Ok I'll take the bait.
> Look: I work at an AI company. I use AI all day.
Looks like OP works at dropbox. Dropbox is not an AI company. It's not remotely one.
Why does this matter? Because it undermines the entire point of the post. Later:
> And if you’re watching that kind of hyped content: You can be part of the solution, too. Hold your favorite creators accountable! Ask them to show you the receipts! If you know that something doesn’t work, don’t just let it slide.
AI confidence theater for me, but not for thee.
Haven't you heard? Every company is an "AI company" now.
Dropbox is an AI-company, according to to Dropbox https://blog.dropbox.com/topics/product/introducing-AI-power...
The challenge in 2026 is finding the company that's not AI-powered (according to themself)
I had a similar reaction to the "I work at an AI company" and finding out it was Dropbox. And I agree with you, they are not in any way an AI company that would be relevant for someone making claims about frontier intelligence.

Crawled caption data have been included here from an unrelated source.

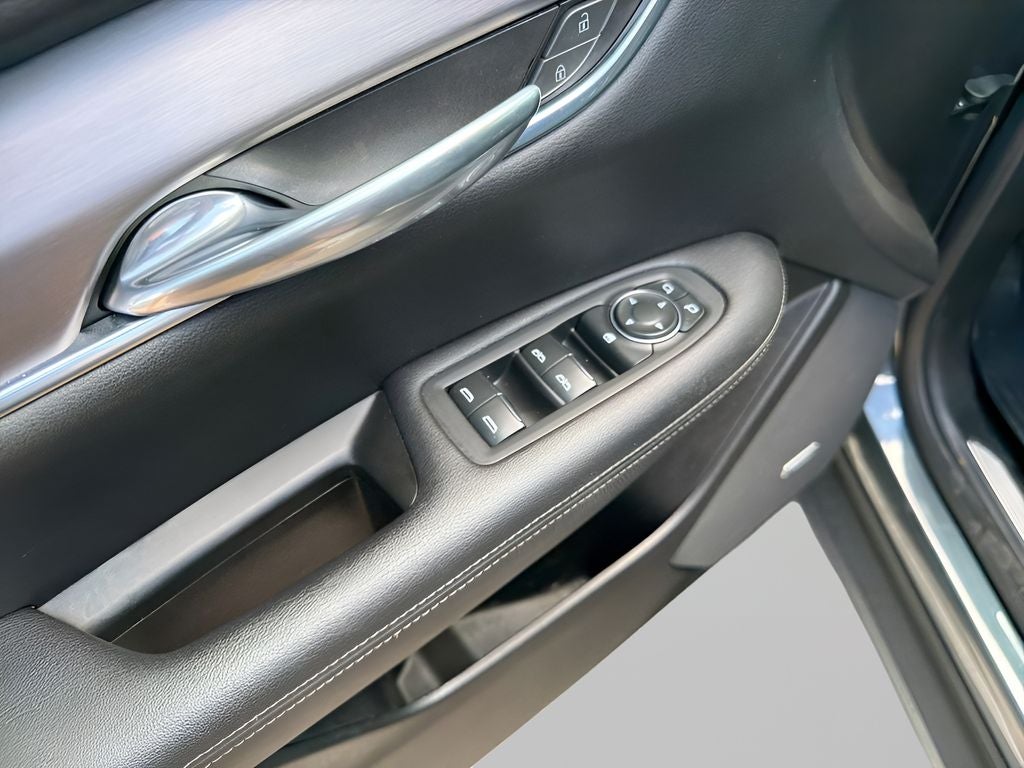 2021 Cadillac XT5 Luxury
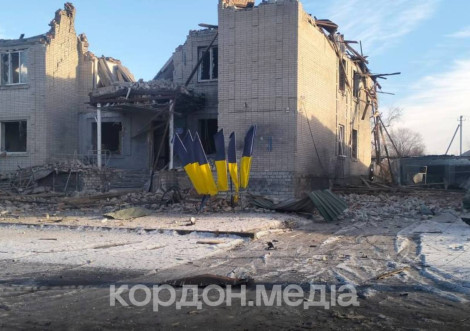 Російські війська зруйнували будівлю селищної ради у Великій Писарівці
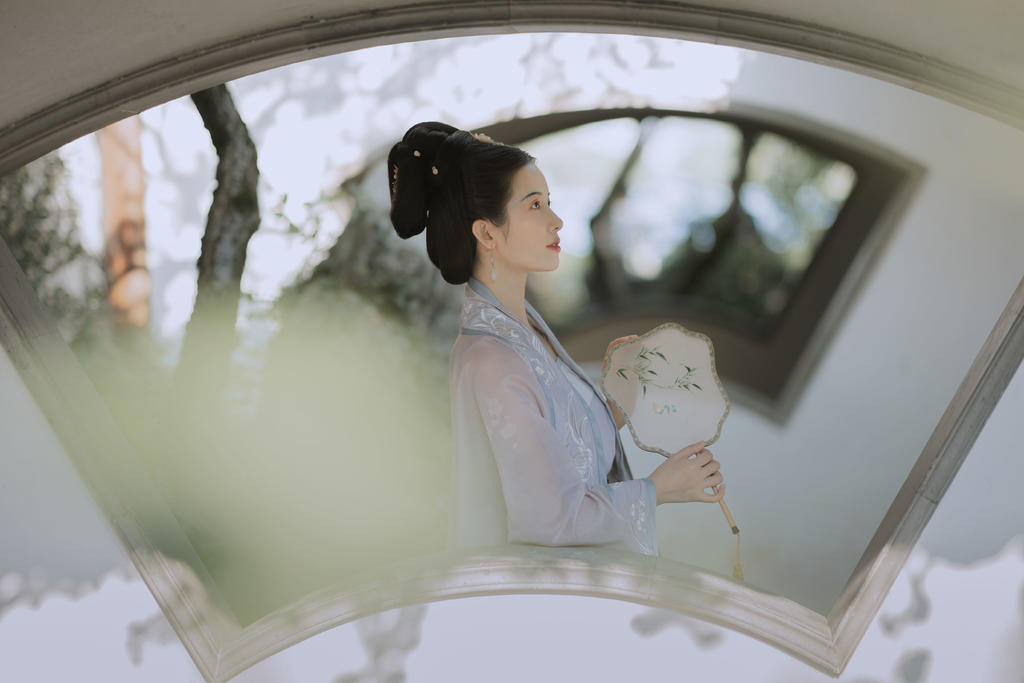 江南女子精致侧颜唯美古风摄影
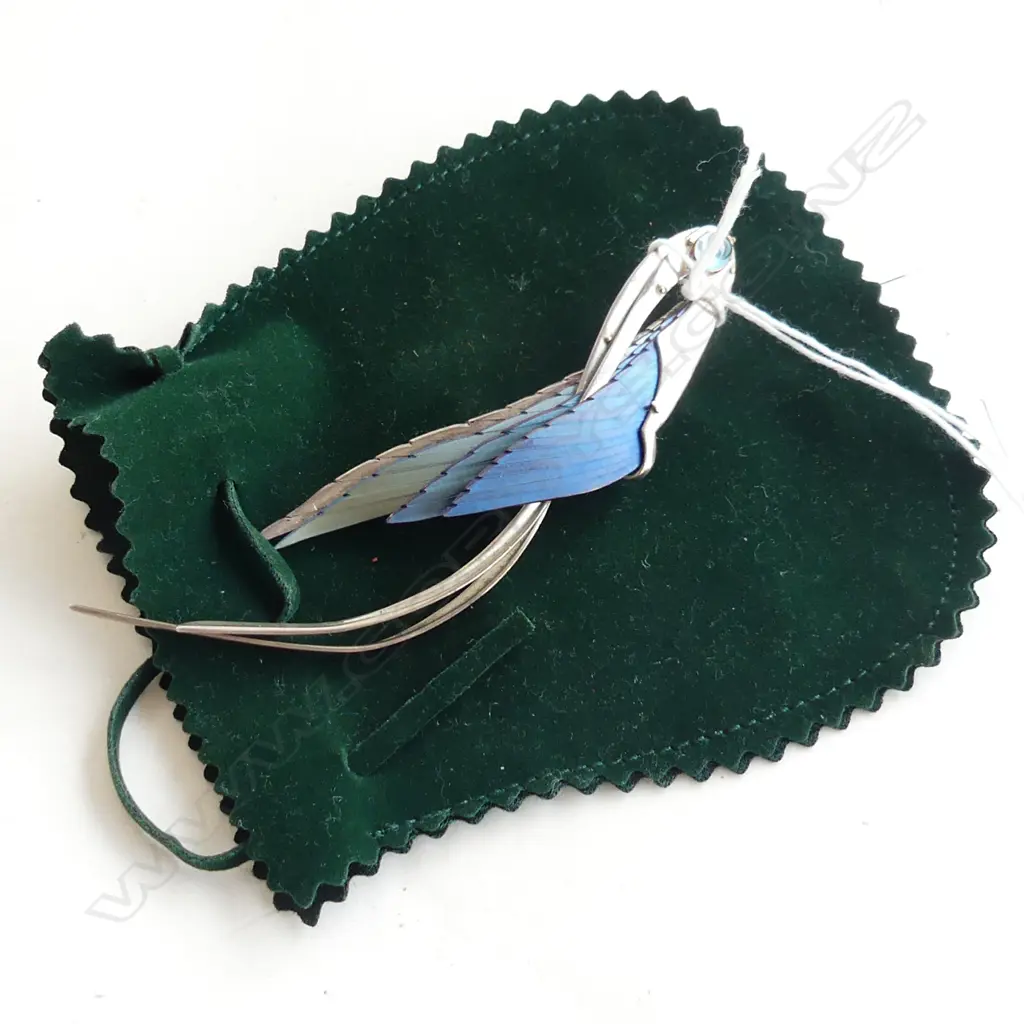 DESIGNER SILVER? & ANODISED STYLISED BIRD BROOCH. Image 1++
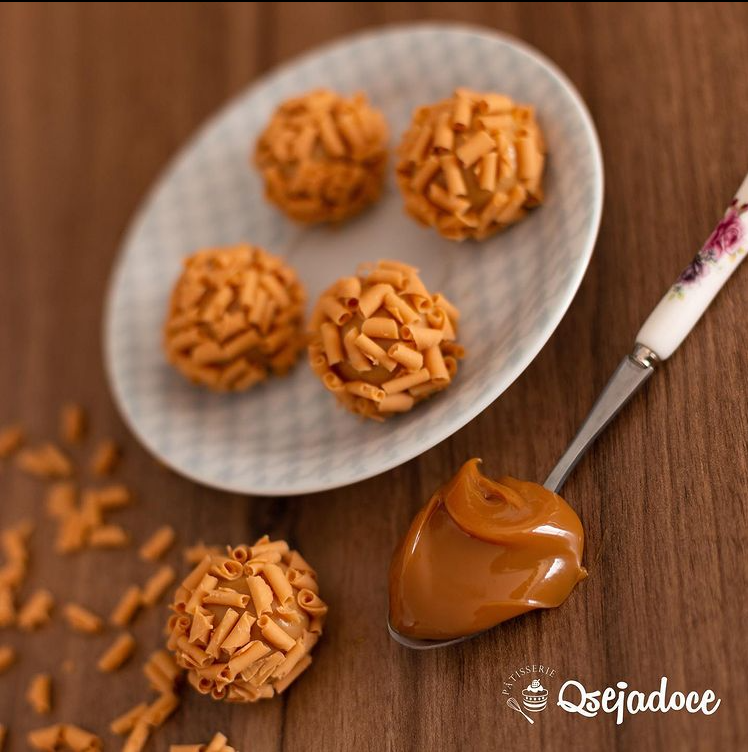 Brigadeiro de doce de leite coberto com blossoms de caramelo Callebaut®.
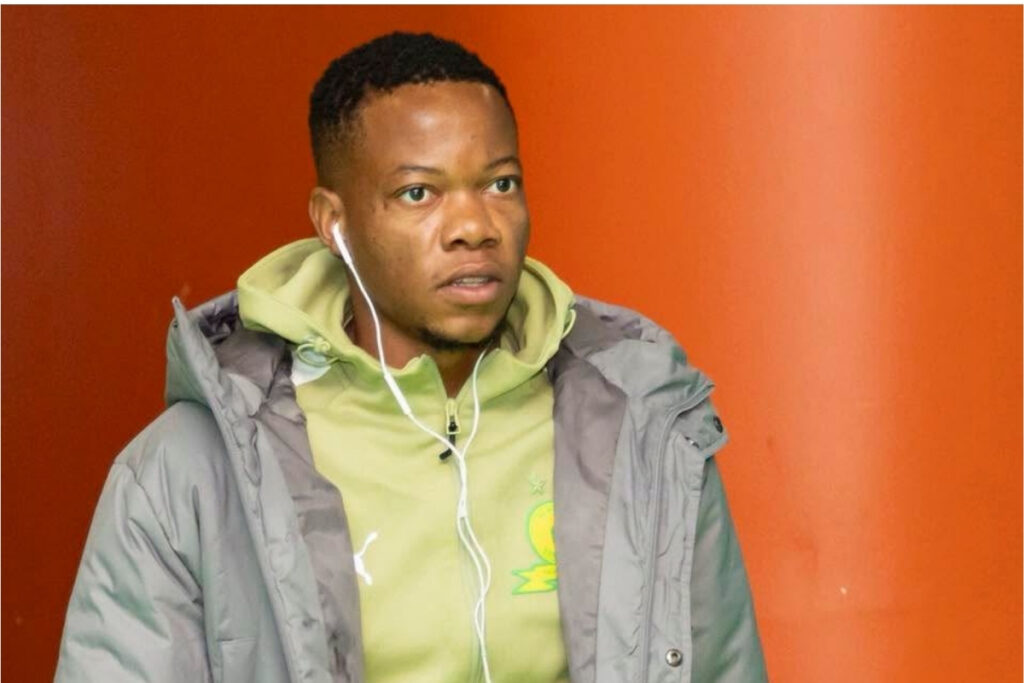 After the match, Miguel Cardoso carried Siphelele Mkhulise on his shoulders and took him to the fans so they could applaud him.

I'm empathetic to their position though. It is entirely unsurprising to me that someone working in a growth role at Dropbox is unimpressed by the current state of AI relative to its broader claims in the market. They're not working on AI itself nor are they using applied AI where you see the biggest gains (e.g. SWE, ML, data science, etc.).
We still have a significant capability overhang at the frontier for a big chunk of knowledge work task domains, so I think its understandable (given the above selection bias) why someone would think the confidence is overblown. They have a point in their own domain.